> DATA TO PROCESS:

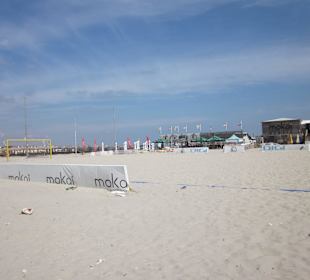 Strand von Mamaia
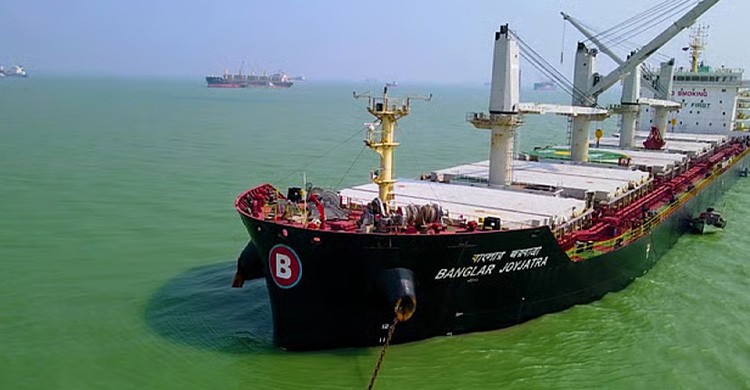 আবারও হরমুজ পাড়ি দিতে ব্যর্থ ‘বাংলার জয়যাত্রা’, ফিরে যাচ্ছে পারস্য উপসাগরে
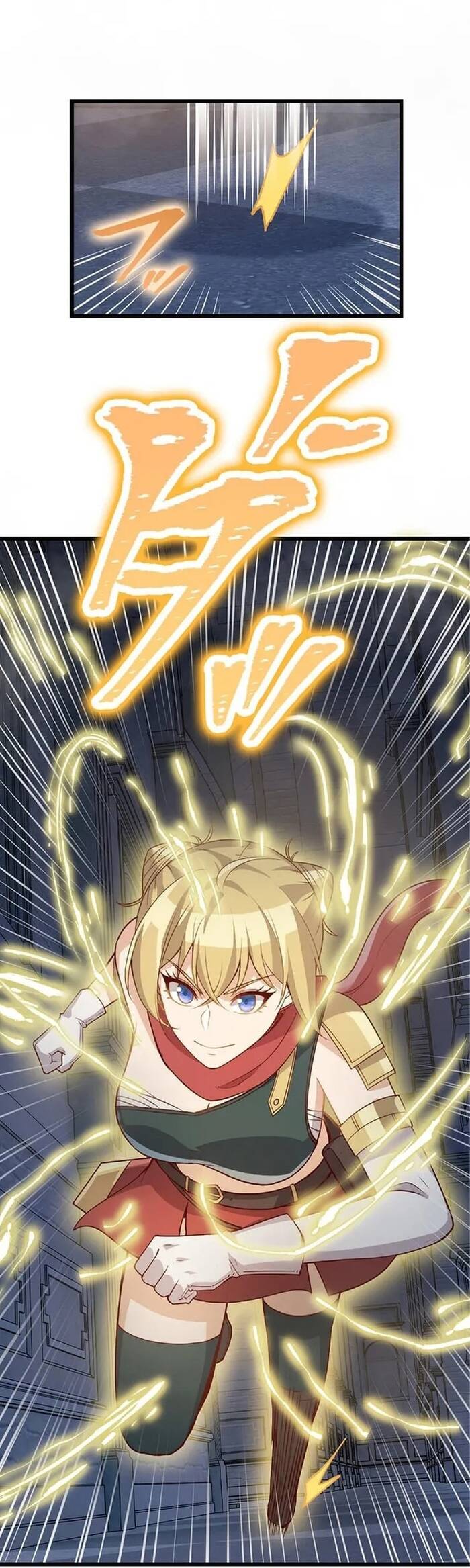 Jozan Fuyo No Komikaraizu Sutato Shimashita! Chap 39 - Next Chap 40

---

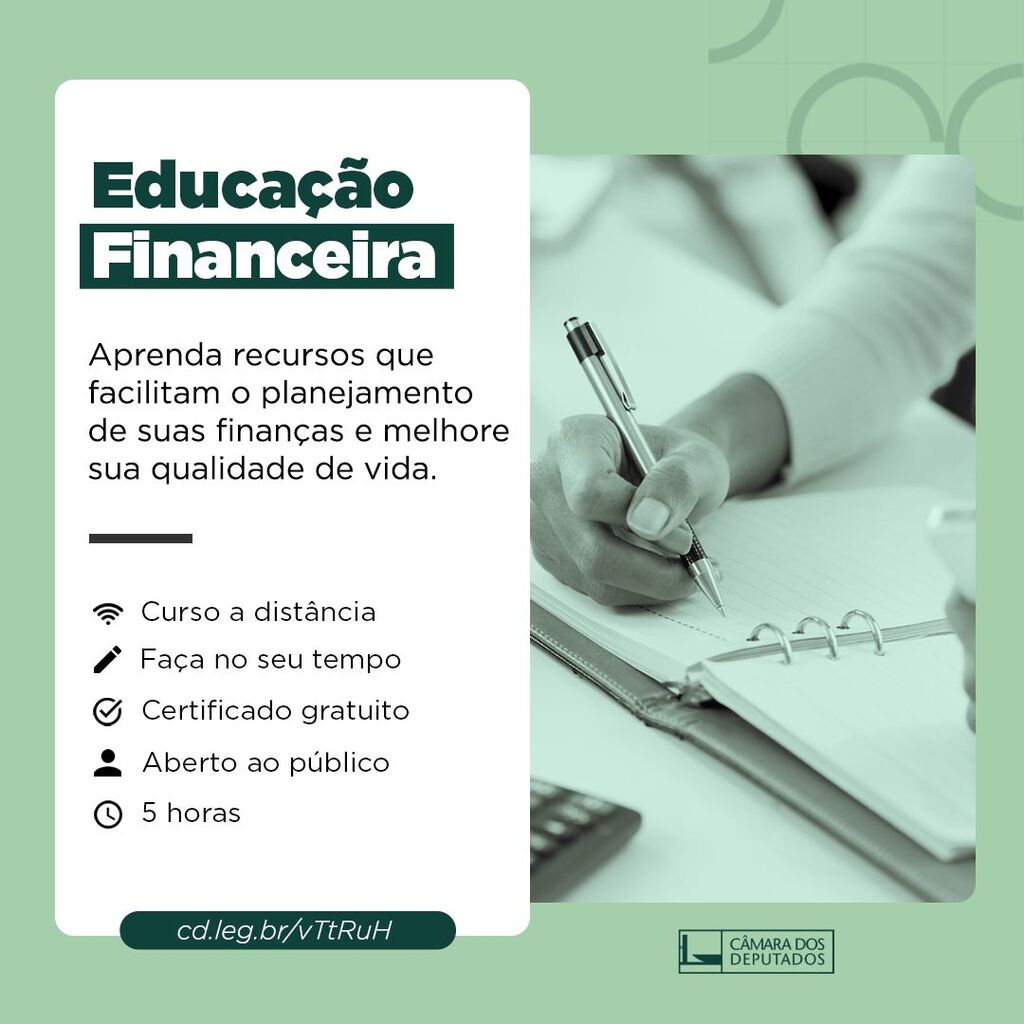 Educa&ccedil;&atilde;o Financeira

> THE PROBLEM: Leaving out all pictures, set down exactly the lines of the material above, from the line with "Strand von Mamaia" to the line with "Jozan Fuyo No" inclusive, and no others.

> WRITTEN SOLUTION:
 Strand von Mamaia
 আবারও হরমুজ পাড়ি দিতে ব্যর্থ ‘বাংলার জয়যাত্রা’, ফিরে যাচ্ছে পারস্য উপসাগরে
 Jozan Fuyo No Komikaraizu Sutato Shimashita! Chap 39 - Next Chap 40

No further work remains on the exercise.